Regal Meadow is part of an ancient outwash valley of the Crow Wing River that stretches from the town of Sedan, eastward to Richmond in southwestern Stearns County. This valley also includes TNC's Roscoe Prairie, which is located northeast of Regal Meadow in Stearns County.
Kandiyohi County (near Paynesville)
Where the wet prairie and marsh meet the drier parts of the preserve small white lady's slipper is found, along with the small fringed gentian and death camas. Relative newcomers to this zone are willows and dogwoods that moved in during the 1960s, when haying stopped and wildfires mostly ceased.
Other interesting flowers in the preserve include Riddell's goldenrod, Seneca snakeroot, wood lily and Indian paintbrush. The drier portions of the preserve are dominated by little bluestem and Indian grass, while the wet prairie is dominated by bluejoints and sedges.
During the summer, preserve flowers often host butterflies such as the regal fritillary, a species of special concern. The preserve originally supported the poweshiek skipper, a now federally endangered species, but it has not been documented here in recent years. Visitors to Regal Meadow Preserve will also not want to miss the thumping of the American bittern in the marsh, often audible for a half-mile. This medium-sized brown heron is one of several bird species found at Regal Meadow.

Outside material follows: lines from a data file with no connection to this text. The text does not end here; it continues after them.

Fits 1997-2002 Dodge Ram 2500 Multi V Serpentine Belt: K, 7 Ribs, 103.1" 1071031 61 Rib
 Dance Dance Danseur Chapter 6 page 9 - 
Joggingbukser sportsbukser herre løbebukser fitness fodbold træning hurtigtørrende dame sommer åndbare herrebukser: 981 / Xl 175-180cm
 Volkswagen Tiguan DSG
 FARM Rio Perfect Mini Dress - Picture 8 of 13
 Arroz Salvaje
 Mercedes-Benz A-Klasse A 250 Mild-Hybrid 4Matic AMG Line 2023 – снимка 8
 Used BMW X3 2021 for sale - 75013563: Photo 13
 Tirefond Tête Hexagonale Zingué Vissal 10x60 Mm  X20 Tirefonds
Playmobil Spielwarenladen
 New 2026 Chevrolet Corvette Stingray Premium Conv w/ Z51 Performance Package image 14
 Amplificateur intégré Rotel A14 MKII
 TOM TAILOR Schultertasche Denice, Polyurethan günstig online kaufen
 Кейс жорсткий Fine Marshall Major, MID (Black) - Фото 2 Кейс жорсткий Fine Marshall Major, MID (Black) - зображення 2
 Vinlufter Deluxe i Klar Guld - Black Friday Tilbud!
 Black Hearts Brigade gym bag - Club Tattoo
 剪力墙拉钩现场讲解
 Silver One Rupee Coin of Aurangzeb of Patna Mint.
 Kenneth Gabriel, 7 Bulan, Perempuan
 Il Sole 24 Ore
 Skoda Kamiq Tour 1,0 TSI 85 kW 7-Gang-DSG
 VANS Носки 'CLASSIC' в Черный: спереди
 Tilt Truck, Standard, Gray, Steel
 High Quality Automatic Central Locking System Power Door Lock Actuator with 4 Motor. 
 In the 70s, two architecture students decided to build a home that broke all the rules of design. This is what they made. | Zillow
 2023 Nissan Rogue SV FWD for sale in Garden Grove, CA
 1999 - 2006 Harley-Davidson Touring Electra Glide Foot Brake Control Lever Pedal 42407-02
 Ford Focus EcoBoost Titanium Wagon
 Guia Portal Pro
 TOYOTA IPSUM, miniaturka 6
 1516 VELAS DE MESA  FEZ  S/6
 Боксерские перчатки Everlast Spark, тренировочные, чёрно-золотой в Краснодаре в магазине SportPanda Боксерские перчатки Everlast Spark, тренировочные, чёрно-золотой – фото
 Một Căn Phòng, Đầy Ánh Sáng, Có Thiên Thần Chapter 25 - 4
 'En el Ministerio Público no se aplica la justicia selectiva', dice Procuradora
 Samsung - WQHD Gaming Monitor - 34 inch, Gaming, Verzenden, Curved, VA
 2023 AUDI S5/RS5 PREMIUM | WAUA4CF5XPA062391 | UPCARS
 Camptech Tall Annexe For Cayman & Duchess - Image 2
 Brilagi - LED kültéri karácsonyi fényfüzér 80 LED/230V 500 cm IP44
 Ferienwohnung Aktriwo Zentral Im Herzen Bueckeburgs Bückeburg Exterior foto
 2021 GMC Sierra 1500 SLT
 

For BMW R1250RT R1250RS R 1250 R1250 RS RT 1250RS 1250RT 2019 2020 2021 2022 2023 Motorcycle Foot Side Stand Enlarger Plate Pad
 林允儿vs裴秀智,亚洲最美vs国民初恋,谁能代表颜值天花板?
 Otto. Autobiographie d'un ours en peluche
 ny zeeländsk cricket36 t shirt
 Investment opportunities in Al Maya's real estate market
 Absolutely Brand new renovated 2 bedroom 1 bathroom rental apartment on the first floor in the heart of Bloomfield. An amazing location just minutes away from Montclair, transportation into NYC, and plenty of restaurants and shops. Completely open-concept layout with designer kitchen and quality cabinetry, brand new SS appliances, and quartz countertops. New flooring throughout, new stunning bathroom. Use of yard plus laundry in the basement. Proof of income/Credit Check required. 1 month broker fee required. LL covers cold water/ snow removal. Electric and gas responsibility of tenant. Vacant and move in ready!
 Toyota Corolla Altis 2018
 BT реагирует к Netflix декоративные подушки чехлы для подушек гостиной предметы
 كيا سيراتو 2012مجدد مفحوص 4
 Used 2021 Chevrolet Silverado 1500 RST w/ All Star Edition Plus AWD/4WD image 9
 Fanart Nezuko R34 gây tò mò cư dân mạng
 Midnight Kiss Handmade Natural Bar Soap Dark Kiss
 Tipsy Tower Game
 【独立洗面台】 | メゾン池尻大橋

Why the Conservancy Selected This Site
Regal Meadow contains high quality remnants of wet and mesic prairie and sedge meadow communities.
What the Conservancy Has Done/Is Doing
Regal Meadow Preserve was acquired by The Nature Conservancy in stages (beginning in 1979) from five separate owners, including Mrs. Annabelle Ruhland and her family. Mrs. Ruhland's father and grandfather were naturalists, and because of their interest in land preservation, great care was taken to protect species, especially the small white lady's slipper, a species of special concern in Minnesota.
Restoring prairie on the preserve has been an ongoing process. Continued grassland restoration and land acquisition will buffer these important prairie communities.
For more information on visiting this and other Minnesota preserves, check out our Preserve Visitation Guidelines.
From Paynesville, take Minnesota Highway 23 southwest for approximately six miles to Hawick. Turn north and drive on a gravel road for two miles. The preserve is on the west side of the road.